Shirley Movie Poster Elisabeth Moss Sits at a Typewriter

After years in the underground punk and rock scenes, Tamar-kali made a splash with her debut score: 2017’s Mudbound.  While Mudbound may have been a more conventional (albeit quite excellent) work, Tamar-kali has moved into far more experimental territory with Shirley.

Shirley tells the story of a young married couple, Fred and Rose, moving into the home of famed horror and mystery writer Shirley Jackson and her husband Stan.  During the first part of the film, when the main characters are still finding their way and the plot is only beginning to take shape, most of the music is licensed tracks from the 1950s.  These give an immediate sense of time and place while creating a deliberately false sense of tone.  Beneath the façade of joyful society lies something far darker.   This is where Tamar-kali’s score begins to emerge.

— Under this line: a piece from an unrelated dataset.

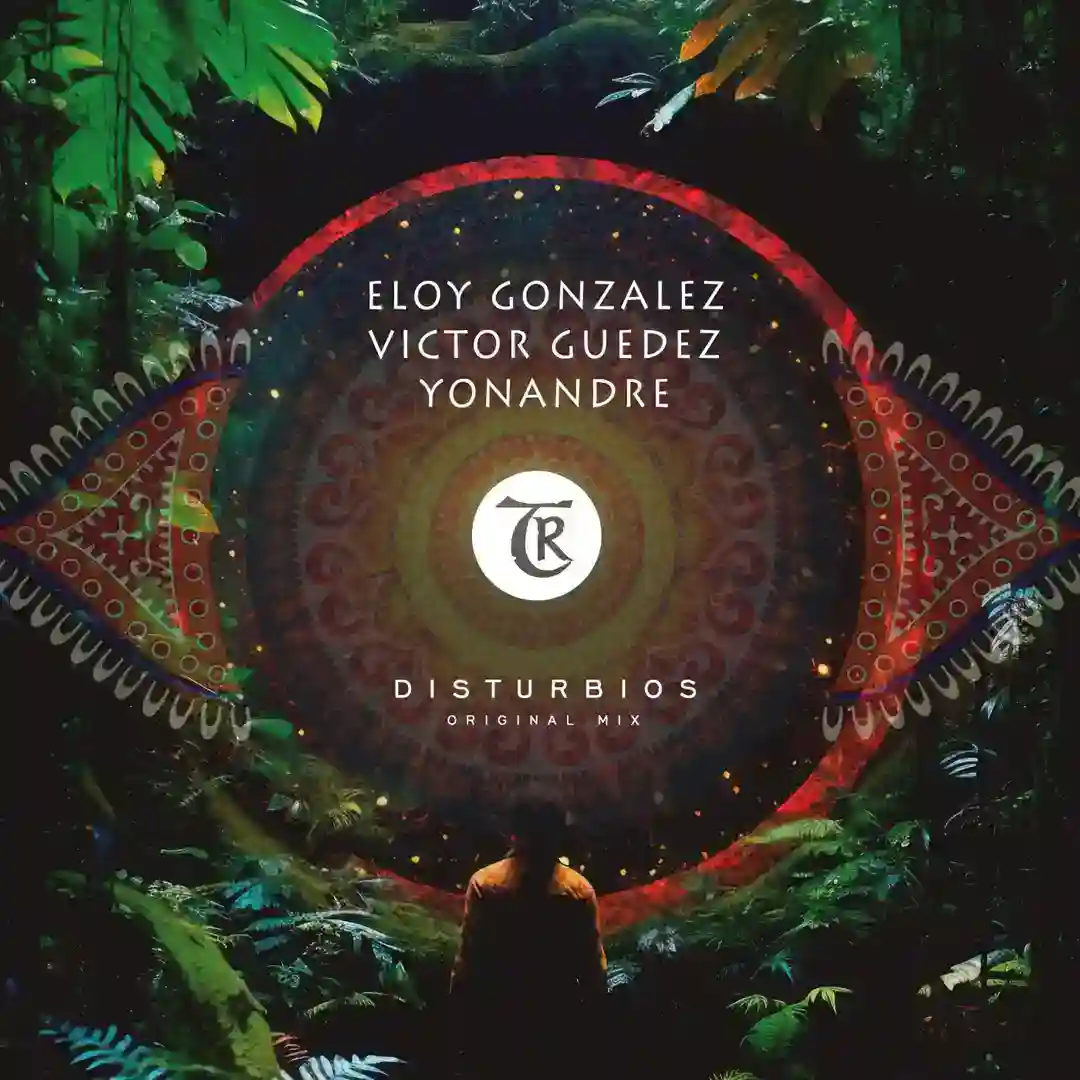 Disturbios (Original Mix) cover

The score takes quite a while to first appear.  When it finally does, it is in short snippets of discord and droning violins that slowly build, egged on by occasional, pulsing bass.  These interludes act almost as a tunnel into the minds of Rose and Shirley, cueing the viewer into these characters’ thoughts and feelings without the need for voiceover or overt explanation.  One of the clearest examples of the score showing interiority is when Rose walks through the university campus where Fred and Stan teach.  She sees a group of young women socializing and enjoying each other’s company, seemingly free from the chains of contemporary society that binds Rose.  The images slow and Tamar-kali’s score kicks in.  Its gradual buildup is mesmerizing, channeling Rose’s own fixation on the women, both in terms of their relative freedom and with a subtler, sensual undertone.

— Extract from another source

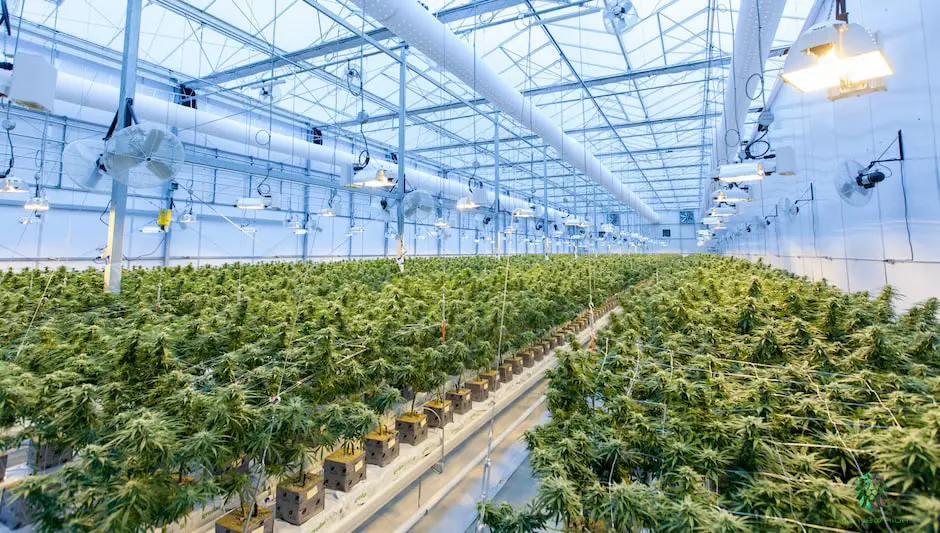 why are greenhouses bad for the environment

These feelings pervade the score and Rose’s point of view, becoming something seemingly unobtainable and forbidden.  But it is also alluring, triggering a sort of spiritual awakening furthered by Rose’s close, constant relationship with Shirley.  Tamar-kali establishes this relationship by frequently using multiple female voices (representing the characters) performing a complicated vocalise, at times harmonizing and at others creating a more robust multi-part composition.  It’s a bold choice.  While most scores would, at most, use a leitmotif or instrument to represent each character, Tamar-kali instead gives them their own literal voices in the score.  It becomes a world in which only these women can inhabit, creating a space in which they are unchained and driving their self-determination.